Taxes which are proportioned, not in the Rent, but to the Produce of
Land.

Taxes upon the produce of land are, In reality, taxes upon the rent; and
though they may be originally advanced by the farmer, are finally paid
by the landlord. When a certain portion of the produce is to be paid
away for a tax, the farmer computes as well as he can, what the value
of this portion is, one year with another, likely to amount to, and he
makes a proportionable abatement in the rent which he agrees to pay to
the landlord. There is no farmer who does not compute beforehand what
the church tythe, which is a land tax of this kind, is, one year with
another, likely to amount to.

The tythe, and every other land tax of this kind, under the appearance
of perfect equality, are very unequal taxes; a certain portion of the
produce being in differrent situations, equivalent to a very different
portion of the rent. In some very rich lands, the produce is so great,
that the one half of it is fully sufficient to replace to the farmer his
capital employed in cultivation, together with the ordinary profits of
farming stock in the neighbourhood. The other half, or, what comes to
the same thing, the value of the other half, he could afford to pay
as rent to the landlord, if there was no tythe. But if a tenth of
the produce is taken from him in the way of tythe, he must require an
abatement of the fifth part of his rent, otherwise he cannot get back
his capital with the ordinary profit. In this case, the rent of the
landlord, instead of amounting to a half, or five-tenths of the whole
produce, will amount only to four-tenths of it. In poorer lands, on
the contrary, the produce is sometimes so small, and the expense of
cultivation so great, that it requires four-fifths of the whole produce,
to replace to the farmer his capital with the ordinary profit. In this
case, though there was no tythe, the rent of the landlord could amount
to no more than one-fifth or two-tenths of the whole produce. But if
the farmer pays one-tenth of the produce in the way of tythe, he must
require an equal abatement of the rent of the landlord, which will thus
be reduced to one-tenth only of the whole produce. Upon the rent of rich
lands the tythe may sometimes be a tax of no more than one-fifth part,
or four shillings in the pound; whereas upon that of poorer lands, it
may sometimes be a tax of one half, or of ten shillings in the pound.
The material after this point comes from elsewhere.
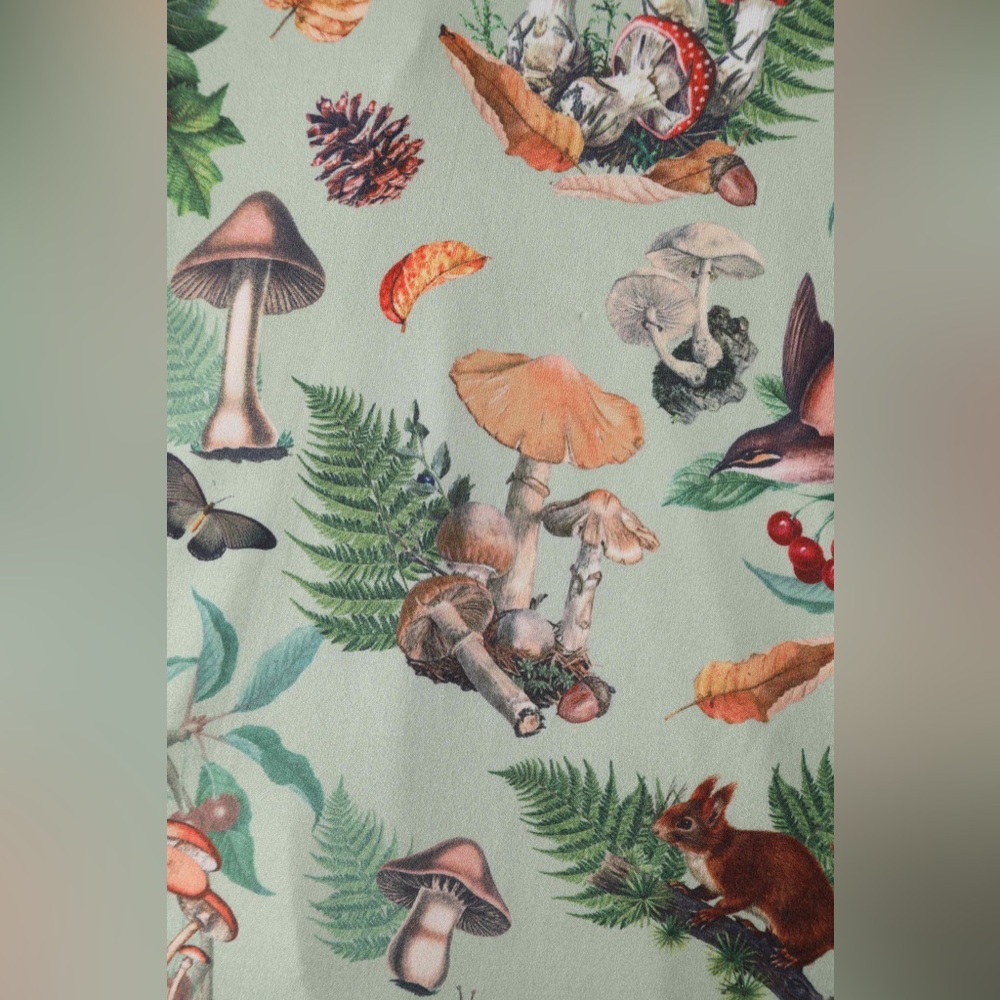 Dolly & Dotty 1950s Green Forest Mushroom Print Claudia Swing Dress, UK 12/US 8 - Picture 9 of 11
The tythe, as it is frequently a very unequal tax upon the rent, so
it is always a great discouragement, both to the improvements of the
landlord, and to the cultivation of the farmer. The one cannot venture
to make the most important, which are generally the most expensive
improvements; nor the other to raise the most valuable, which are
generally, too, the most expensive crops; when the church, which lays
out no part of the expense, is to share so very largely in the profit.
The cultivation of madder was, for a long time, confined by the tythe to
the United Provinces, which, being presbyterian countries, and upon that
account exempted from this destructive tax, enjoyed a sort of monopoly
of that useful dyeing drug against the rest of Europe. The late attempts
to introduce the culture of this plant into England, have been made only
in consequence of the statute, which enacted that five shillings an acre
should be received in lieu of all manner of tythe upon madder.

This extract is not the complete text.